The reason I say trick is because you don’t get an entirely different planet. I mean, the landscape changes (i.e. from being rainy to desert-like) and the placement of items and enemies change. But for the most part it’s the same experience, story beats and all. This isn’t a bad thing mind you. Being able to go through an entertaining game with a different layout certainly extends the replay value. It’s like having multiple Dark Worlds in A Link to the Past, without encountering stronger enemies.


Exploring each world is wildly entertaining. This is due to the clever placement of secrets and how the game hints at their whereabouts; an intangible wall that looks slightly off during certain instances can be an exciting find. With just a few melee and ranged attacks, the combat isn’t as complex as it could be. Though things get better when new items, like bombs, are acquired. And while I didn’t care too much for the overworld enemies, the dungeon encounters were often thrilling. Usually the dungeon monsters were more menacing, grouped in larger numbers, and had alternate modes of attack. The bosses were even better. With tough patterns to spot and large life bars (I assume given how many times I had to whack them before they died), they proved to be the highlights of the game.  

The plot isn’t very compelling, so the challenging gameplay is what kept me going. The game can lean too hard toward being difficult though. Songbringer will show its teeth sooner or later depending on where you go early on. This is because even though it isn’t meant to be a linear game, the dungeons do go in order. If you find say, the fifth dungeon before you find the first one, you’ll have a hard time completing it. Many dungeons have puzzles that seemed to require specific artifacts, to begin with at least. Certain combinations of weapons and abilities help to balance the scales. Combining my dash with an ice item allowed me to freeze enemies when I ran by them. This also made it possible to freeze water, giving me a way to circumvent certain obstacles.


It’s also possible to run into tougher enemies sooner than later. My first world populated in such a way that I didn’t come across certain monsters until I had gained more hit points.
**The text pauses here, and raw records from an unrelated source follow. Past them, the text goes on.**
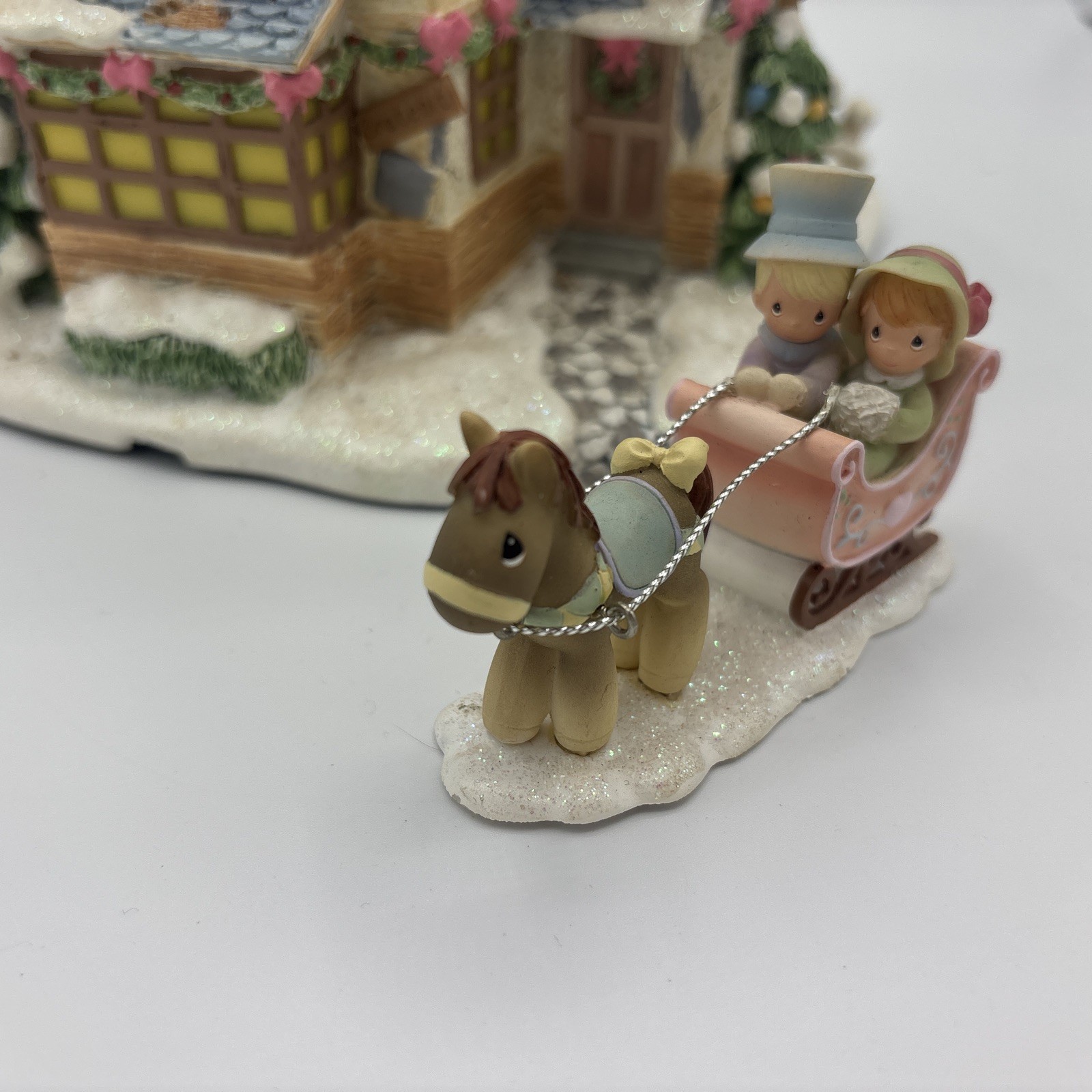 Hawthorne Precious Moments Christmas Carol Village Bob Cratchit House R77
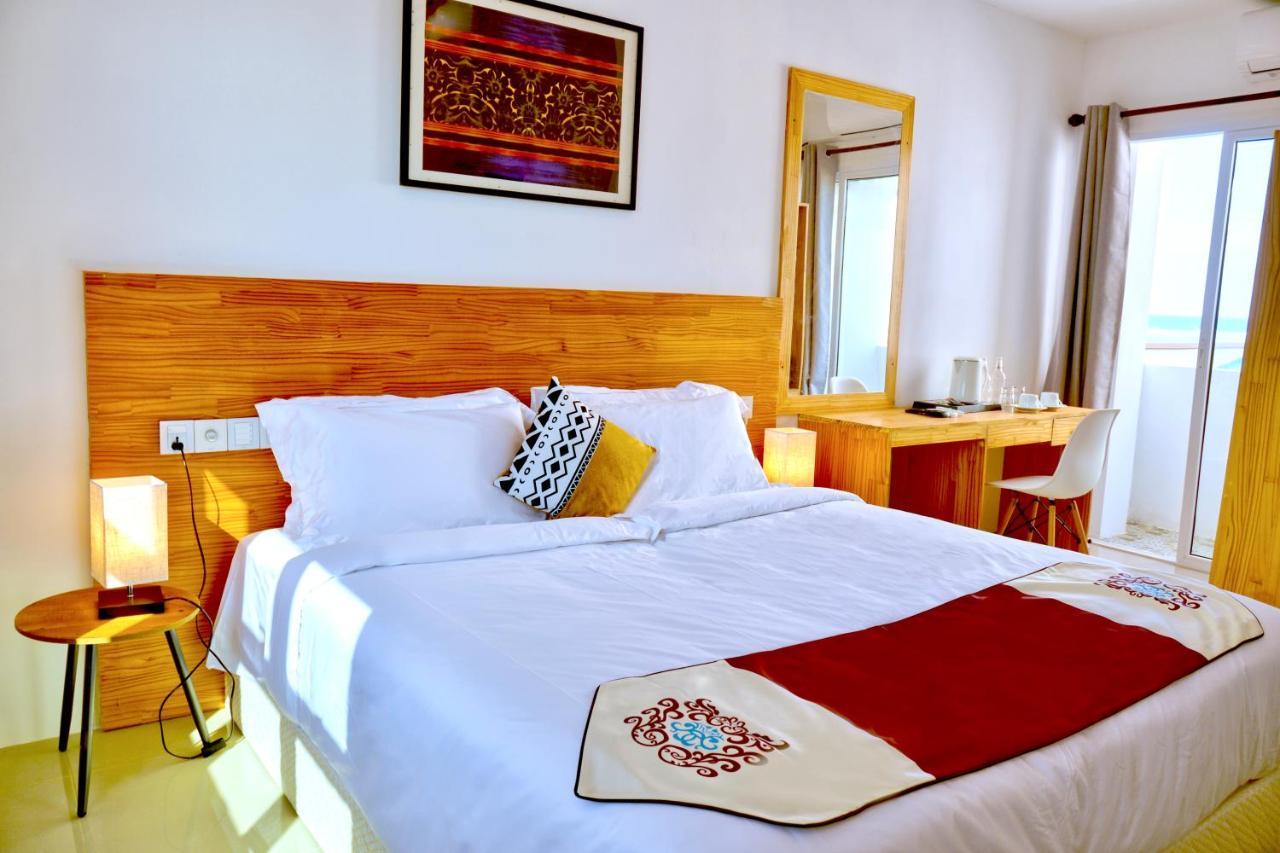 Island Ambience Hotel Maafushi Luaran gambar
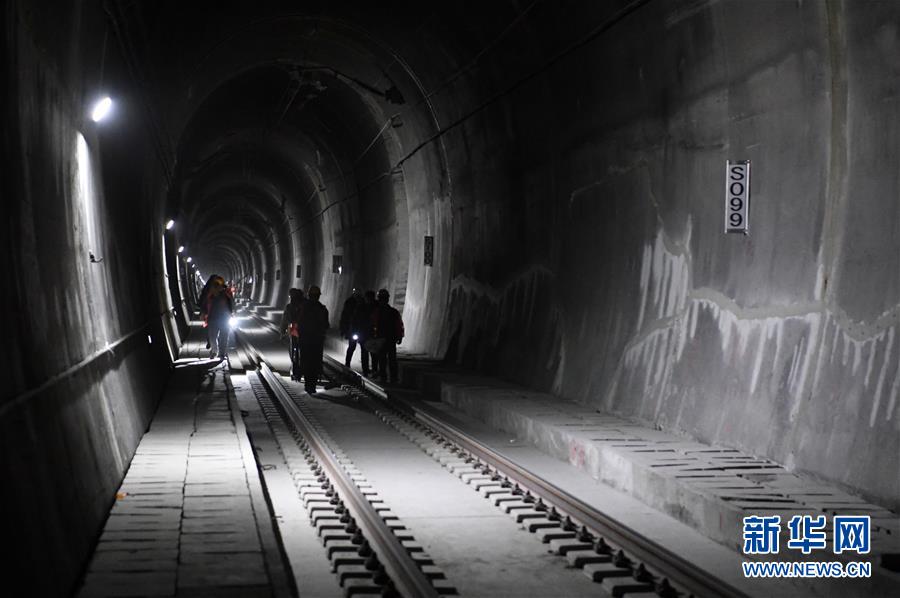 （社会）（2）敦格铁路当金山隧道即将正式投入使用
That wasn’t the case on my second one. Within moments of obtaining my sword, I ran into a horned warrior that usually resided in dungeons. The main reason I created a new world was because of the last boss. This powerful enemy had multiple forms, hard hitting abilities, and a crazy amount of life. Even after finding a weakness – taking a certain item when he goes intangible eliminates an entire segment of the battle – he still proved to be too much. I don’t know if I missed something along the way, an item or ability that would have helped, or if my techniques were flawed.

So, I started a new world and set out to see if I could do better. Maybe locate a more powerful weapon. The rougher start washed away that notion, leaving me with few options. Go back and try to complete a frustratingly tough fight, try again at creating an “easier” world, or stop playing. I chose to stop playing…for now. I’m sure I’ll come back and slay the fowl beast later. It’s just that, hitting a brick wall at the very end just sucked all of the life out of the experience for me. And with a nonexistent plot, the only incentive for me to finish the game would have been an achievement.


Songbringer is entertaining. I believe the main reason I enjoyed (most) of my time in-game was due to how it reminded me of Zelda though. And while the game seemed balanced up until I hit the final boss, I don’t feel compelled to keep playing despite how the procedural aspects encourage multiple playthroughs. Again, that’s not to say that it’s just a Zelda clone. Wizard Fu Games should be proud of what they created, regardless of why their game was well received.  

Gameplay: 7
Songbringer is provides an engaging experience, but it falters with balancing difficulty ranges, thanks to the procedural aspects.

Graphics: 9
The retro inspired graphics are quite charming to say the least.

Sound: 8
I dig the music.

Replay Value: 7
The procedural element helps in this regard. Most of the important stuff is the same though; you won’t see new enemies or special bosses when creating different worlds. It really comes down to how much you enjoyed the base gameplay.